Nor do we think that much doubt is cast on the legitimacy of Maine's purposes by what the Court of Appeals took to be signs of protectionist intent. Shielding in-state industries from out-of-state competition is almost never a legitimate local purpose, and state laws that amount to "simple economic protectionism" consequently have been subject to a "virtually per se rule of invalidity." But there is little reason in this case to believe that the legitimate justifications the State has put forward for its statute are merely a sham or a "post hoc rationalization." In suggesting to the contrary, the Court of Appeals relied heavily on a 3-sentence passage near the end of a 2,000-word statement submitted in 1981 by the Maine Department of Inland Fisheries and Wildlife in opposition to appellee's proposed repeal of the State's ban on the importation of live baitfish: "`[W]e can't help asking why we should spend our money in Arkansas when it is far better spent at home? It is very clear that much more can be done here in Maine to provide our sportsmen with safe, home-grown bait.
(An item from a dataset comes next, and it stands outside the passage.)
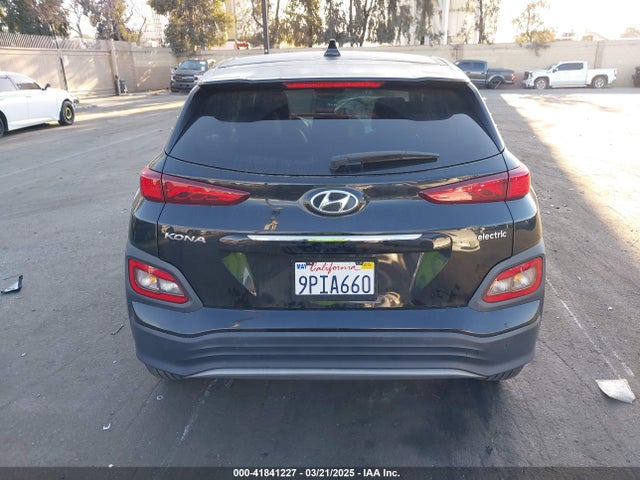 KM8K53AG8MU131372 Hyundai Kona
There is also the possibility that such an industry could develop a lucrative export market in neighboring states.'"
We fully agree with the Magistrate that "[t]hese three sentences do not convert the Maine statute into an economic protectionism measure." As the Magistrate pointed out, the context of the statements cited by appellee "reveals [they] are advanced not in direct support of the statute, but to counter the argument that inadequate adequate bait supplies in Maine require acceptance of the environmental risks of imports....
The evidence in this case amply supports the District Court's findings that Maine's ban on the importation of live baitfish serves legitimate local purposes that could not adequately be served by available nondiscriminatory alternatives....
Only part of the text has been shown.